YOUR OBJECTIVE:
Word for word, copy the lines from the one with "Terdakwa kasus dugaan" to the last line of the data below, counting both, and keep every picture out.
***** SUPPLIED MATERIAL *****
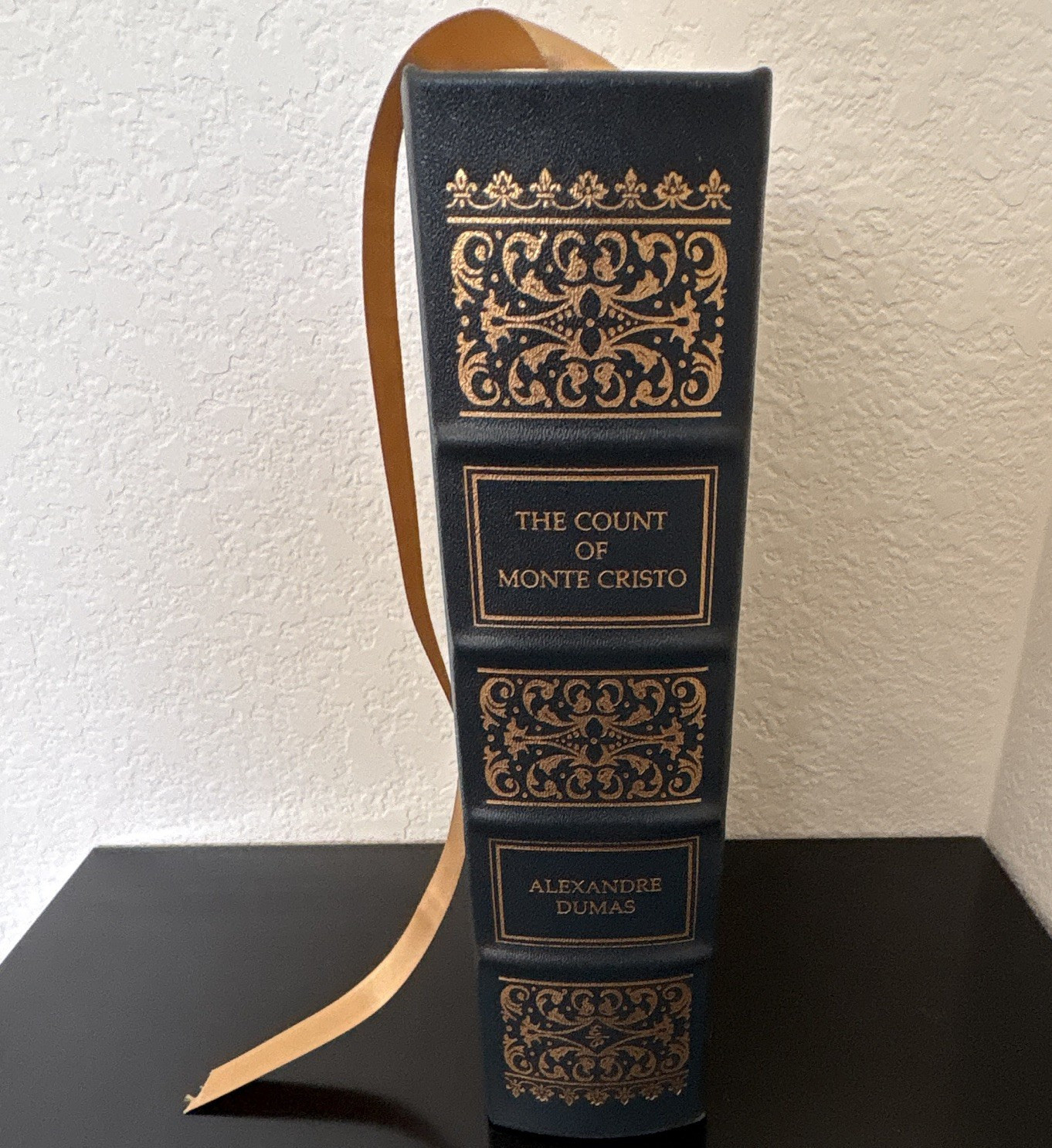 Easton Press The Count of Monte Cristo by Alexandre Dumas Leather Illus Collect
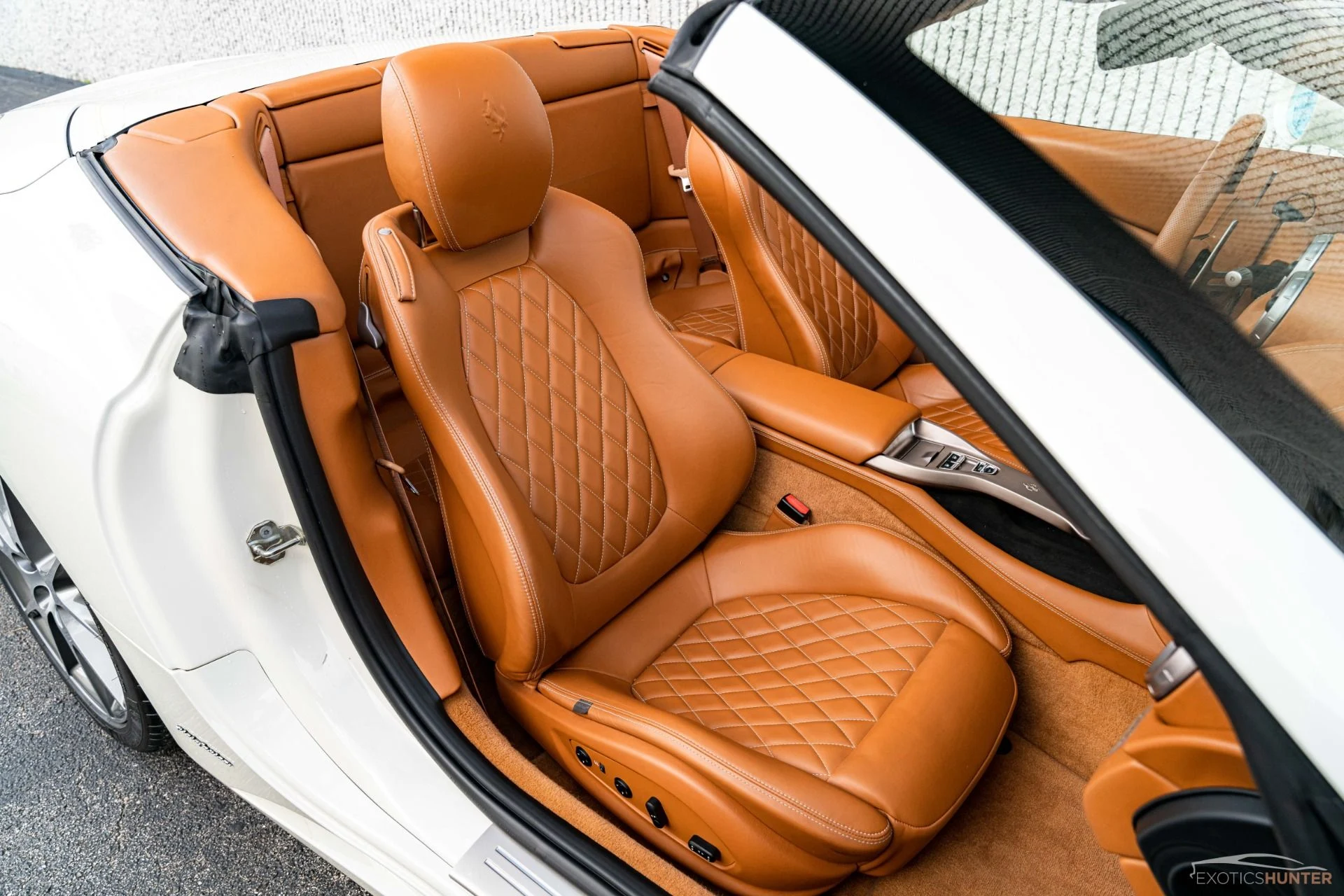 mph007_2158465341_Used_2011_Ferrari_California_NA_V8_DCT_Hardtop_Vert_Ferrari_Loaded_with_Options_1689719392_90a1254041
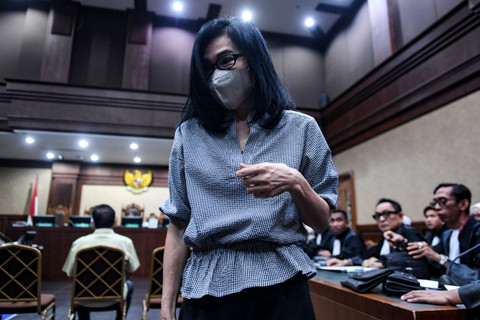 Terdakwa kasus dugaan suap vonis bebas Gregorius Ronald Tannur, Meirizka Tannur berjalan saat jeda sidang lanjutan di Pengadilan Tipikor, Jakarta, Senin (10/3/2025). Foto: Hafidz Mubarak A/ANTARA FOTO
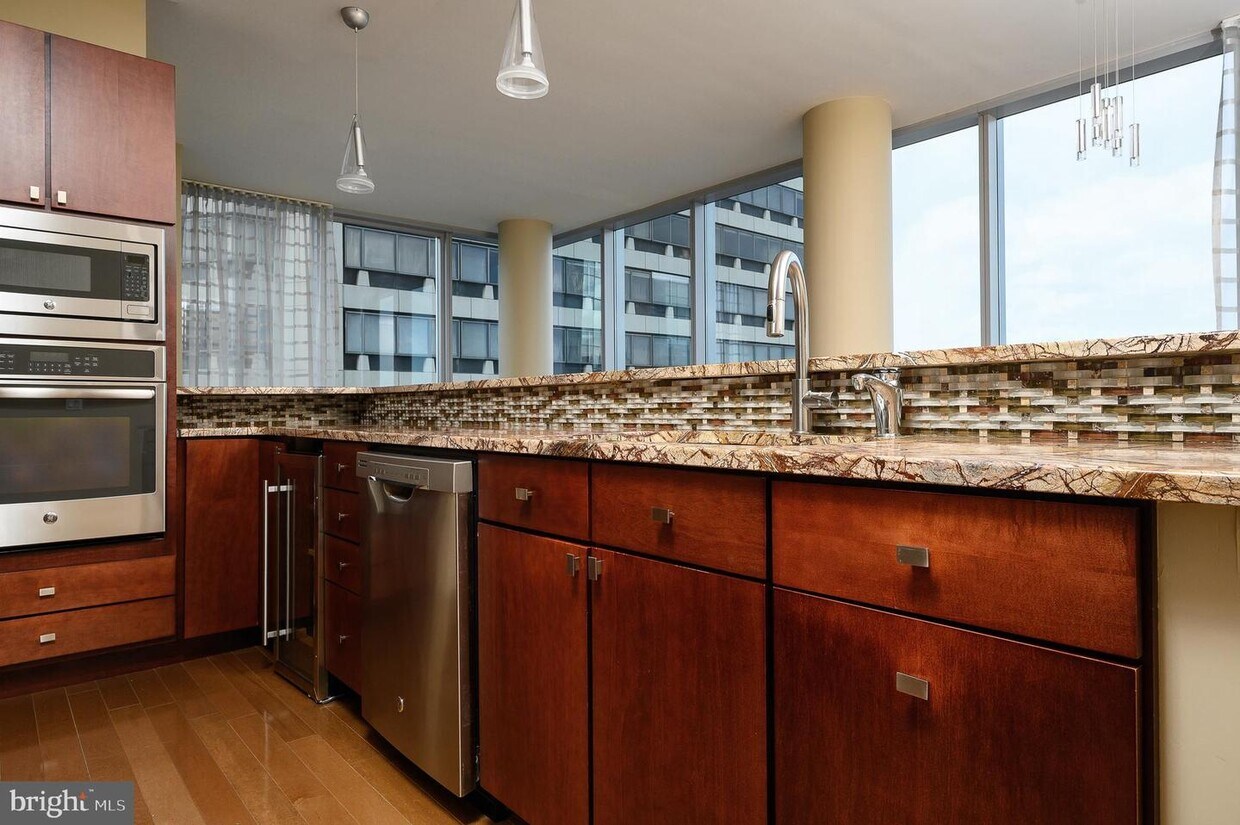 Foto principal - 1414 S Penn Square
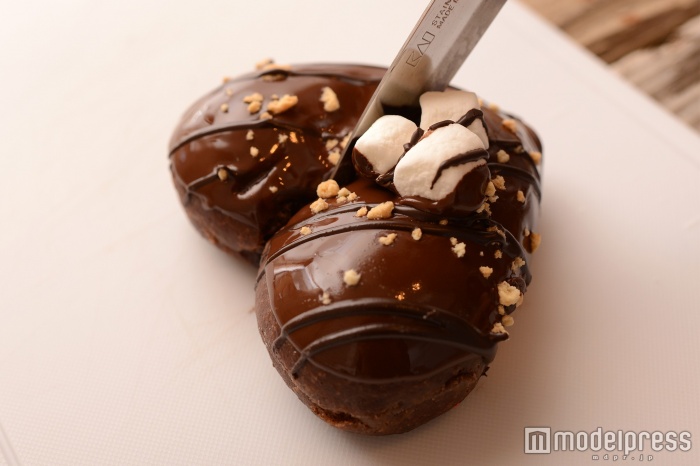 ナイフで切るとチョコレートがとろ~り(C)モデルプレス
*****
WRITTEN SOLUTION:
 Terdakwa kasus dugaan suap vonis bebas Gregorius Ronald Tannur, Meirizka Tannur berjalan saat jeda sidang lanjutan di Pengadilan Tipikor, Jakarta, Senin (10/3/2025). Foto: Hafidz Mubarak A/ANTARA FOTO
 Foto principal - 1414 S Penn Square
 ナイフで切るとチョコレートがとろ~り(C)モデルプレス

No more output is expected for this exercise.